START PROVIDED DATA
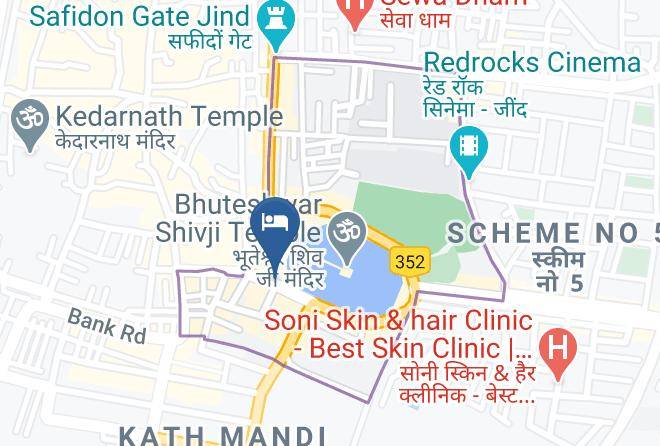 Jind - Hotel Shahi Mahal Maps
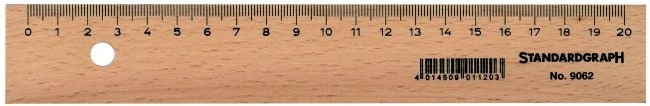 DUX Holzlineal 20cm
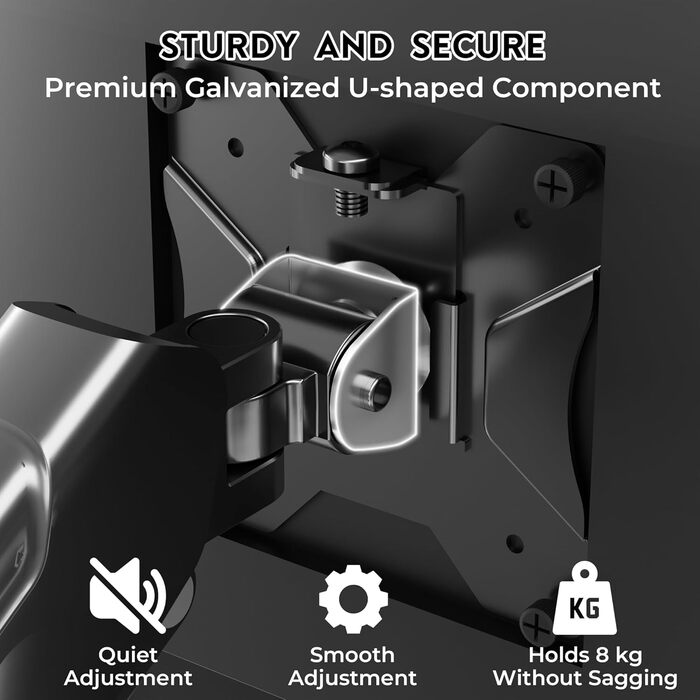 Кріплення для монітора BONTEC, 13-42 дюйми, до 9 кг, VESA 200x200, регульоване, настінне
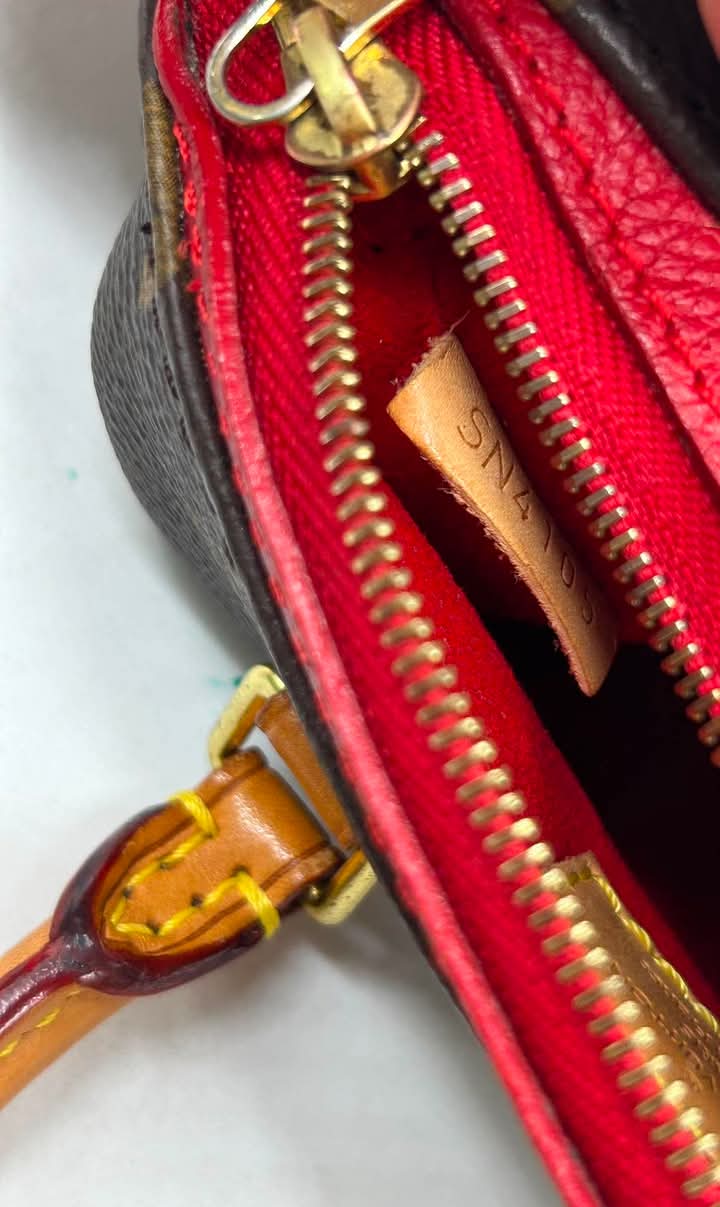 Louis Vuitton Monogram Nano Pallas Cherry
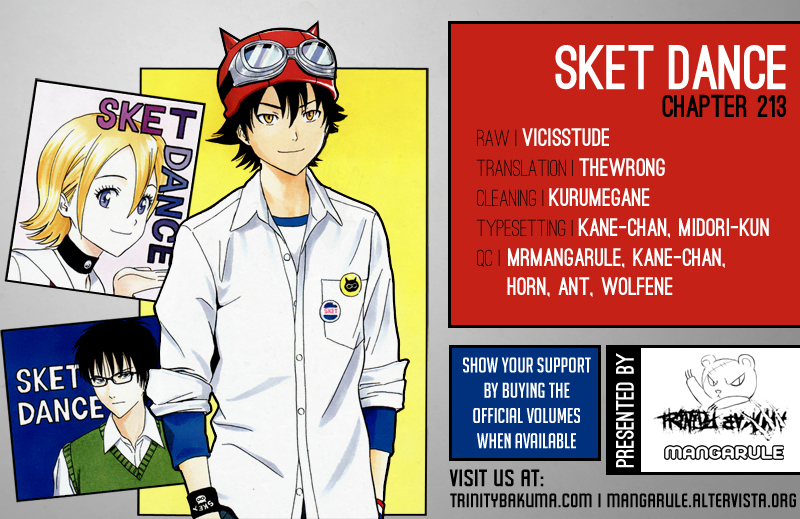 Sket Dance Chapter 213 page 20 - Chapter 213: Cheeky Rookie, Part 1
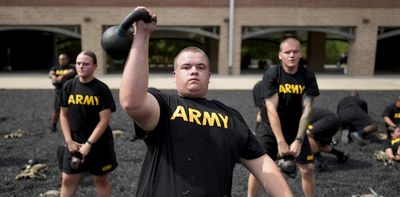 US Army’s image of power and flag-waving rings false to Gen Z weary of gun violence − and long-term recruitment numbers show it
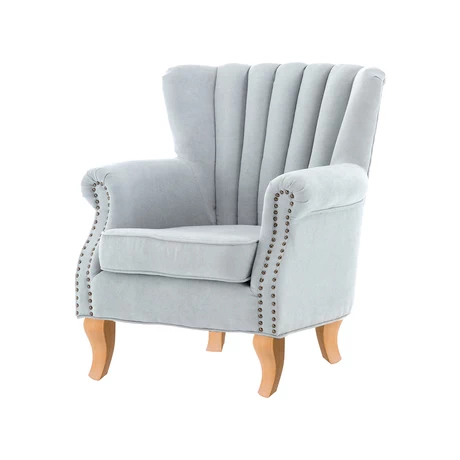 Poltrona de Lino Gris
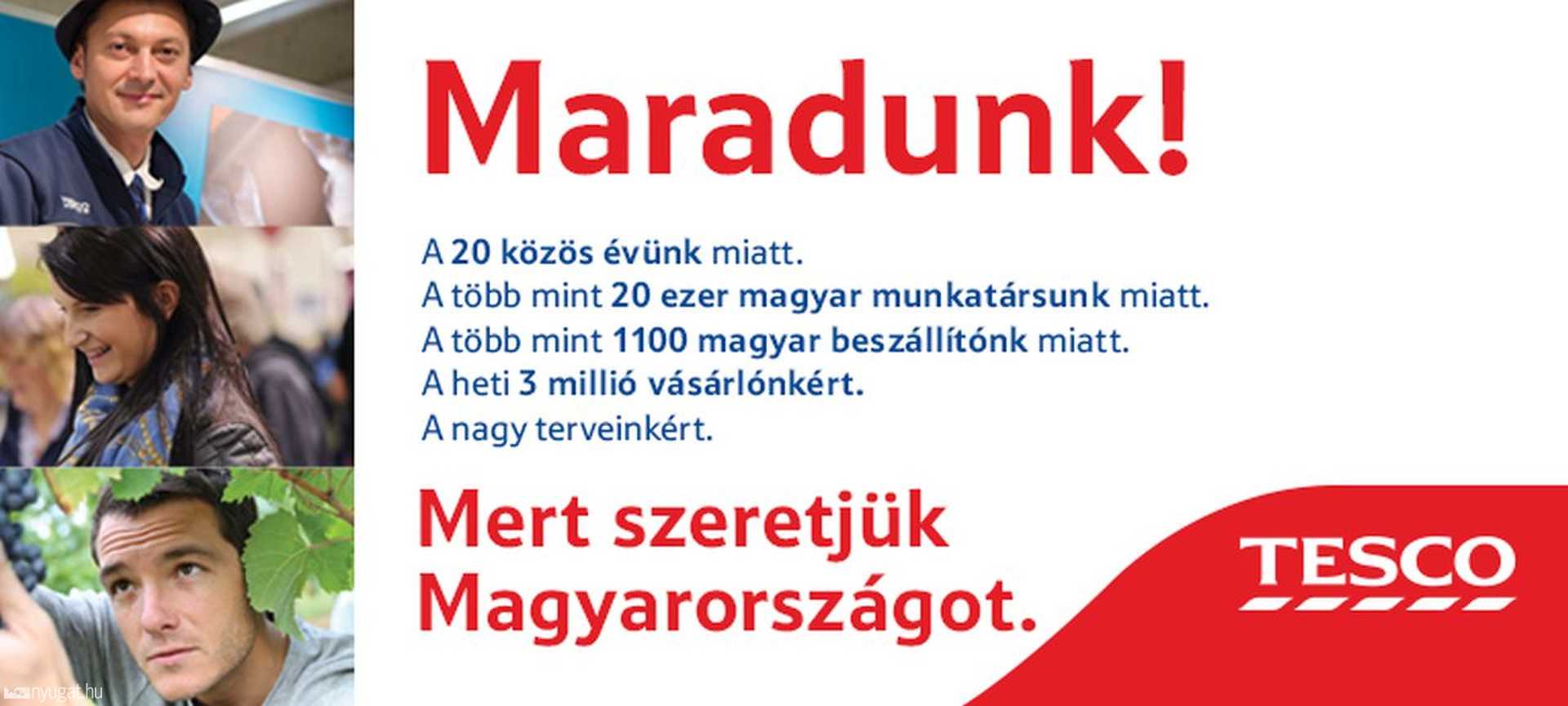 Marad a Tesco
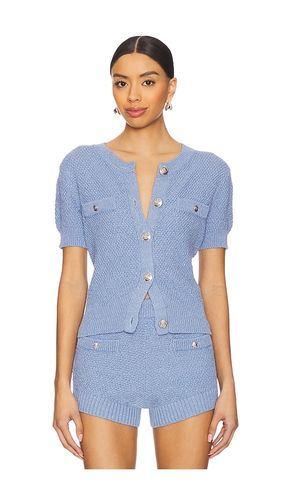 Seed Stitch Short Sleeve Cardigan in . - size M (also in S, XS) - Central Park West - Modalova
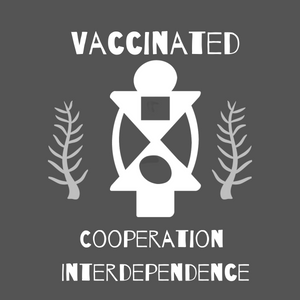 Vaccinated Cooperation Interdependence Ethnic Square Button/Pin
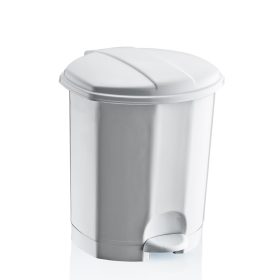 BT pedálos szemetes fehér (18 liter)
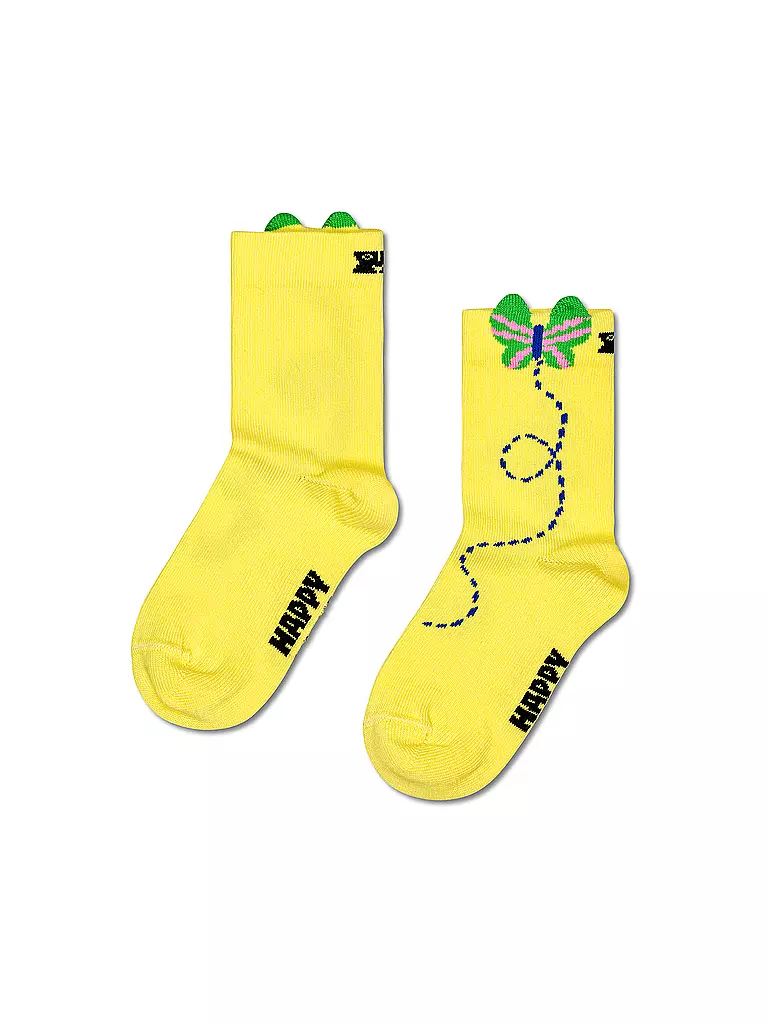HAPPY SOCKS Baby Socken 2er Pkg BUTTERFLY pink rosa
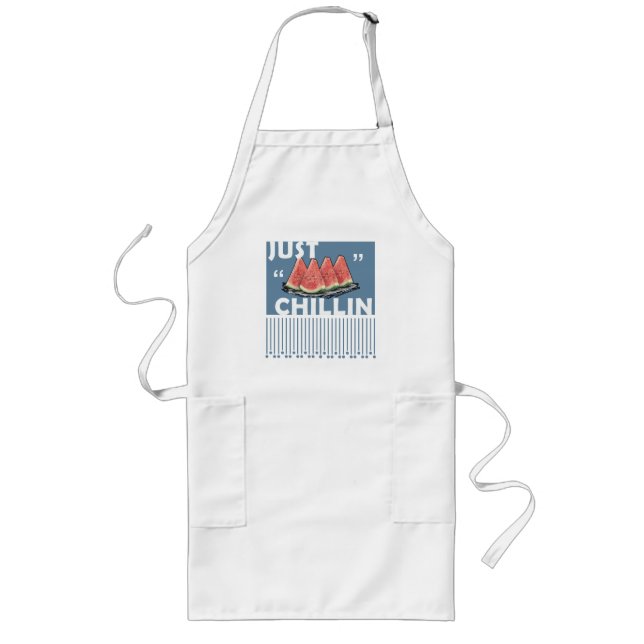 watermelon Tri-Blend shirt Long Apron (Front)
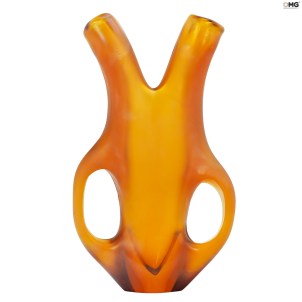 Vase Ansa Amber - Original Murano Glass OMG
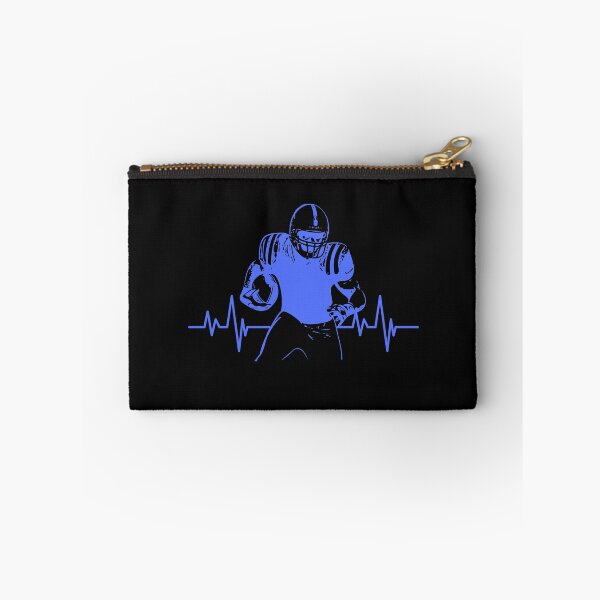 Item preview, HEARTBEAT PULSE SPORTS RANGE AMERICAN FOOTBALL RUNNING BACK BLUE PRINT designed and sold by IslandBaneMerch.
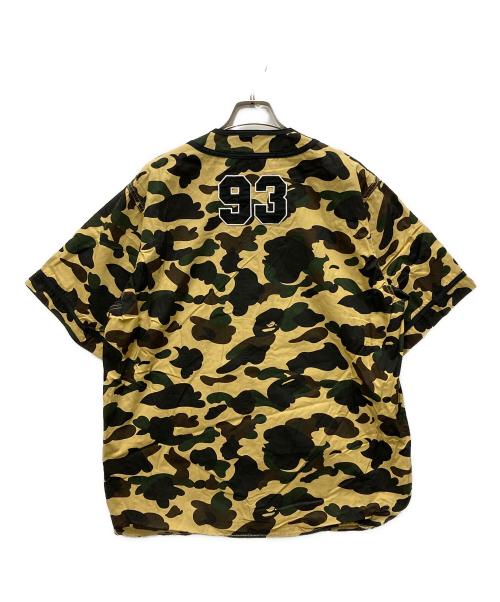 A BATHING APE（アベイシングエイプ）A BATHING APE (アベイシングエイプ) 1st Camo Baseball Shirt ベージュ サイズ:Mの古着・服飾アイテム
END PROVIDED DATA
→ ABOUT THIS TASK: Find the line containing "Seed Stitch Short" in the records above, then copy it and every line after it exactly, through the last one, without any pictures.

→ SOLUTION FOR THIS TASK:
 Seed Stitch Short Sleeve Cardigan in . - size M (also in S, XS) - Central Park West - Modalova
 Vaccinated Cooperation Interdependence Ethnic Square Button/Pin
 BT pedálos szemetes fehér (18 liter)
HAPPY SOCKS Baby Socken 2er Pkg BUTTERFLY pink rosa
 watermelon Tri-Blend shirt Long Apron (Front)
 Vase Ansa Amber - Original Murano Glass OMG
 Item preview, HEARTBEAT PULSE SPORTS RANGE AMERICAN FOOTBALL RUNNING BACK BLUE PRINT designed and sold by IslandBaneMerch.
 A BATHING APE（アベイシングエイプ）A BATHING APE (アベイシングエイプ) 1st Camo Baseball Shirt ベージュ サイズ:Mの古着・服飾アイテム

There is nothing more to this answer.